Consider this pseudo code:

fun getTomorrowsDate()
   sleep(getRandomValue())
   today = getCurrentDate() 
   sleep(getRandomValue())
   ret = today + 1
   sleep(getRandomValue())
   return ret

This is not very far from what is actually happening during EVERY function call. The operating system might interrupt at any time, so in a sense, those sleep calls actually do exist.

So unless you have taken very cautious steps of making your function atomic, the only difference between the above pseudo and your code example is that you have ensured an event that always have a non-zero probability to happen to have 100% probability.

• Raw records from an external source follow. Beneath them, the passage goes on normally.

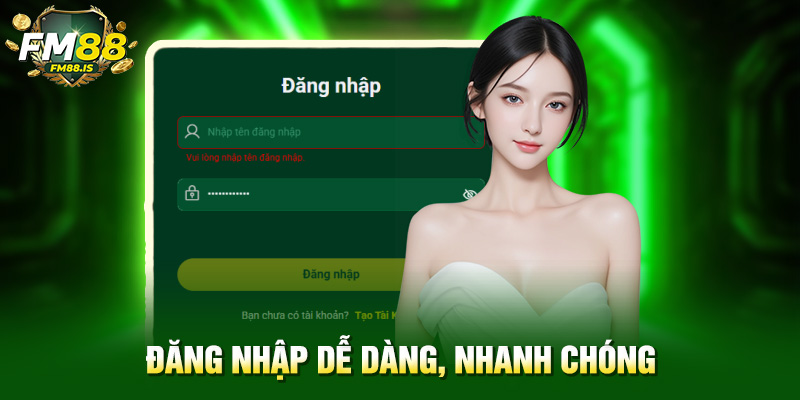 Đăng nhập dễ dàng, nhanh chóng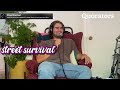 Street Survival w/ Thomas White // Quorators Full Episode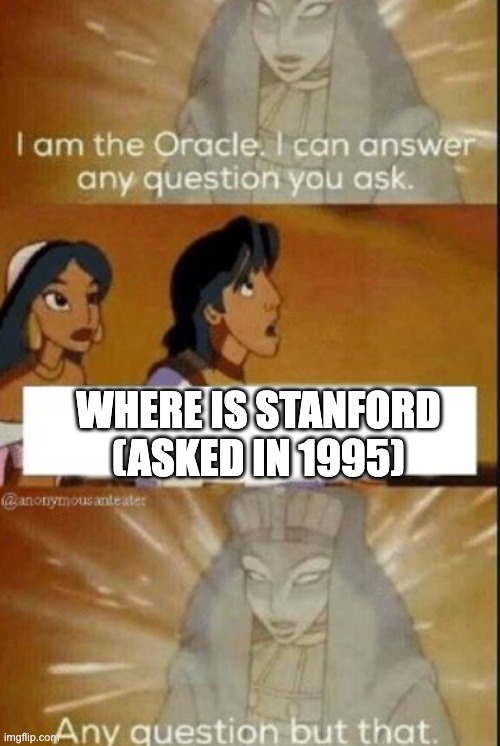 The oracle | WHERE IS STANFORD (ASKED IN 1995) | image tagged in the oracle | made w/ Imgflip meme maker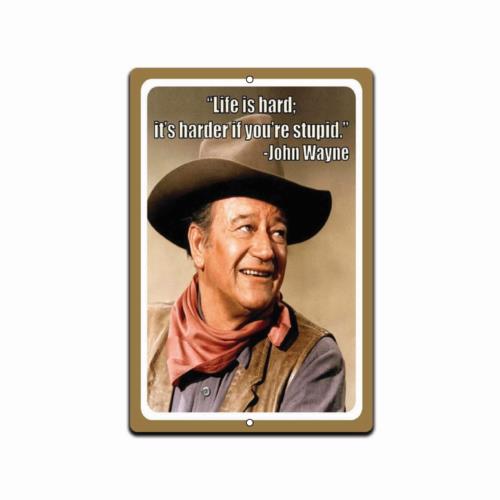 Life is Hard Its Harder IF Youre Stupid John Wayne Retro SignAluminum 20x30cm(7.8x11.8inch)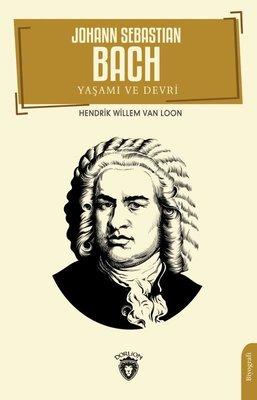 Johann Sebastian Bach Hendrik Willem Van Loon
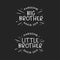 Big brother little brother typography print. Vector vintage illustration.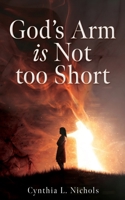 God's Arm is Not too Short 1662891601 Book Cover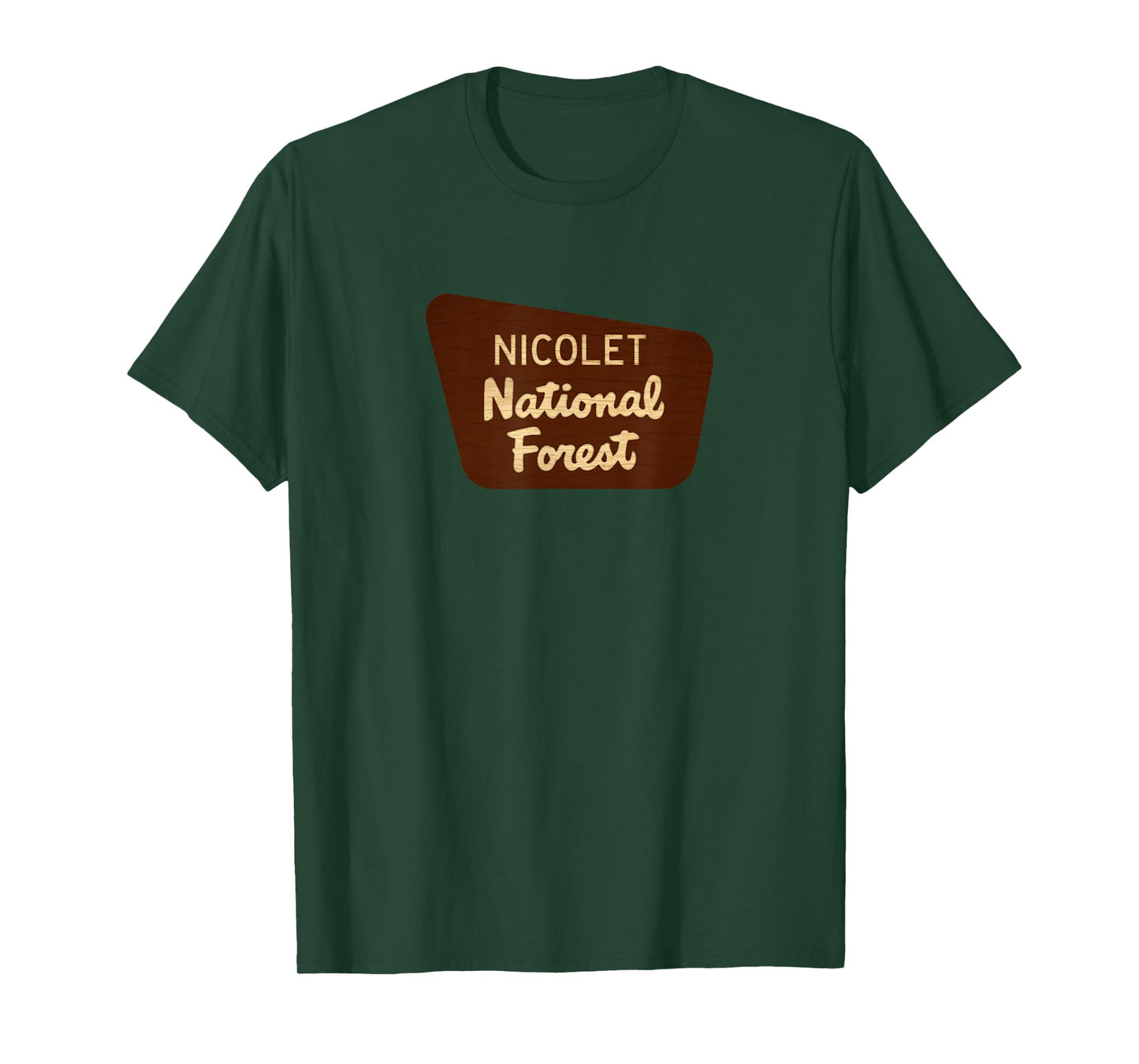 Nicolet National Forest Entrance Sign Shirt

David and John gave good answers, so I will not elaborate more. I just wanted to add this example.

klutt
  • 30,332
  • 17
  • 55
  • 95
0

IMO opinion, this function has the semantics of getCurrentDate and could keep that name. Because getCurrentDate is expected to return some date which is guaranteed to occur between the moment of the call and the moment of the return. (Think of what happens if you call the standard function ten nanoseconds before midnight, so that the date changes during the call.)


By the way, I don't even know if the existing implementations enforce the above "betweenness" requirement. (For example, the rule could break if the function attempted to compensate its own latency.)